Scraped caption text data
^^^^
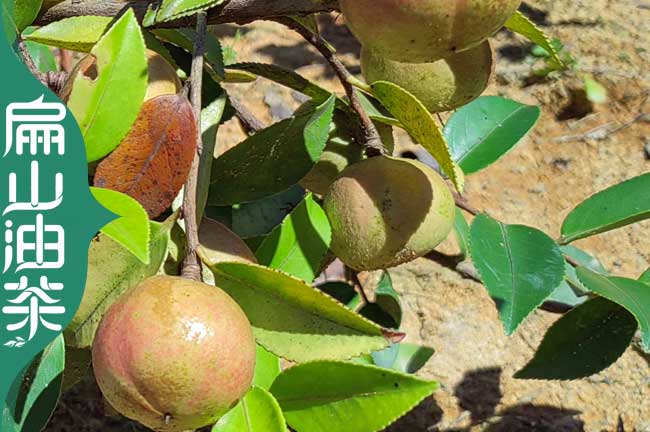 【好油茶苗批發(fā)】福建南平大果紅花油茶樹苗1-3斤-扁山油茶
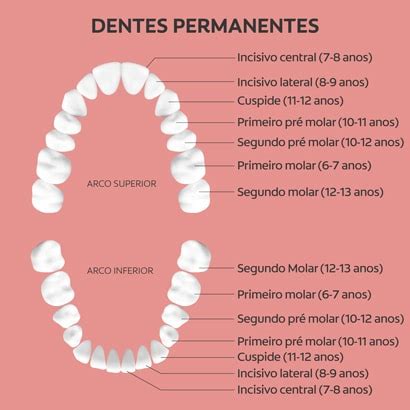 Anatomia Dos Dentes Colgatetalks Sexiz Pix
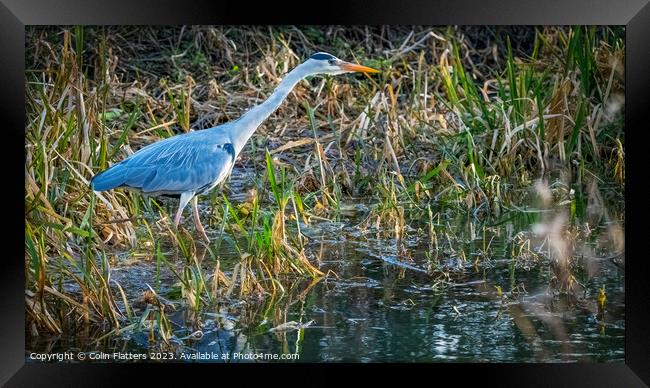 Majestic Grey Heron Harpoons Dinner Framed Print by Colin Flatters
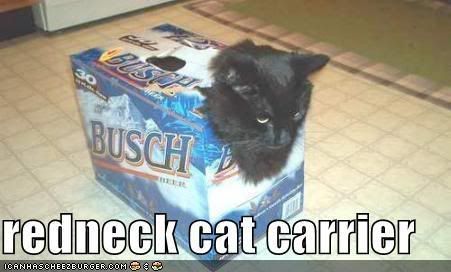 funny-pictures-cat-carrier-beer-box.jpg redneck cat carrier image by Jarden71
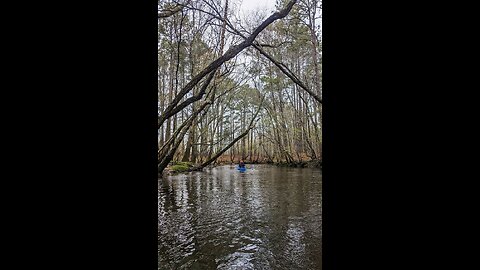 Exploratory Paddle, Upper Little River to Cape Fear River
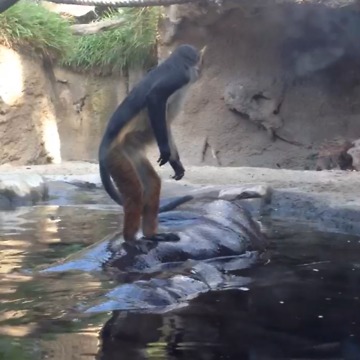 This Monkey Hitches A Ride On A Hippo!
^^^^
| What is being asked |
Could you repeat all of the entries exactly, without the pictures?

| Finished task |
 【好油茶苗批發(fā)】福建南平大果紅花油茶樹苗1-3斤-扁山油茶
 Anatomia Dos Dentes Colgatetalks Sexiz Pix
 Majestic Grey Heron Harpoons Dinner Framed Print by Colin Flatters
 funny-pictures-cat-carrier-beer-box.jpg redneck cat carrier image by Jarden71
 Exploratory Paddle, Upper Little River to Cape Fear River
 This Monkey Hitches A Ride On A Hippo!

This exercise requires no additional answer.